======== DATA FOR THIS TASK ========

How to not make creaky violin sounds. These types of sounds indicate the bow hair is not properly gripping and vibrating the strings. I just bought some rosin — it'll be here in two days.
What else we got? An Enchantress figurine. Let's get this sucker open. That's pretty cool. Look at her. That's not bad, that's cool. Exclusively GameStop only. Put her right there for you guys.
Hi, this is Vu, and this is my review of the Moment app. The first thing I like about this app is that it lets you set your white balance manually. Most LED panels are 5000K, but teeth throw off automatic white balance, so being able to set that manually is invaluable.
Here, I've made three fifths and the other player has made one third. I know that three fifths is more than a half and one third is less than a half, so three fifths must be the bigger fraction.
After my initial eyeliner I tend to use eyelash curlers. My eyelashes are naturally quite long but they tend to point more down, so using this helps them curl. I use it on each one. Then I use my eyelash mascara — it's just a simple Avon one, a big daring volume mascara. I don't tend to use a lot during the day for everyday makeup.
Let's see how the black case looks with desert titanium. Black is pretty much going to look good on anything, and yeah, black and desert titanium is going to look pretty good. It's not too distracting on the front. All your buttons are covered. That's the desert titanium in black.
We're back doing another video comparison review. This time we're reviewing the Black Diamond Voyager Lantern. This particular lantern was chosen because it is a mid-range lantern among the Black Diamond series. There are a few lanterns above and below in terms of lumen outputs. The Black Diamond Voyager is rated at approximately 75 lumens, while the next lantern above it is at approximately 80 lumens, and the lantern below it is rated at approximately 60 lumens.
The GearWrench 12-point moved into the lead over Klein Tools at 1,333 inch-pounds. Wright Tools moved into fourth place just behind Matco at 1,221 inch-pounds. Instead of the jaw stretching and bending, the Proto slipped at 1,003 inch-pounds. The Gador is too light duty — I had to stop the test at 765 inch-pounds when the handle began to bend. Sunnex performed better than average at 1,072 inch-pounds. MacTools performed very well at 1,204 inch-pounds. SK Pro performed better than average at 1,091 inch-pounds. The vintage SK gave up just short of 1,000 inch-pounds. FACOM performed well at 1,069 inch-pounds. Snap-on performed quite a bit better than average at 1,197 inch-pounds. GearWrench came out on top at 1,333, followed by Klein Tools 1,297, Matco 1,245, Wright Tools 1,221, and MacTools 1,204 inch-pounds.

========

(TASK DIRECTIONS): Return only the lines between the one holding "What else we" and the one holding "Let's see how", inclusive, exactly as they appear above.

(RESULT OF THE EXERCISE):
What else we got? An Enchantress figurine. Let's get this sucker open. That's pretty cool. Look at her. That's not bad, that's cool. Exclusively GameStop only. Put her right there for you guys.
Hi, this is Vu, and this is my review of the Moment app. The first thing I like about this app is that it lets you set your white balance manually. Most LED panels are 5000K, but teeth throw off automatic white balance, so being able to set that manually is invaluable.
Here, I've made three fifths and the other player has made one third. I know that three fifths is more than a half and one third is less than a half, so three fifths must be the bigger fraction.
After my initial eyeliner I tend to use eyelash curlers. My eyelashes are naturally quite long but they tend to point more down, so using this helps them curl. I use it on each one. Then I use my eyelash mascara — it's just a simple Avon one, a big daring volume mascara. I don't tend to use a lot during the day for everyday makeup.
Let's see how the black case looks with desert titanium. Black is pretty much going to look good on anything, and yeah, black and desert titanium is going to look pretty good. It's not too distracting on the front. All your buttons are covered. That's the desert titanium in black.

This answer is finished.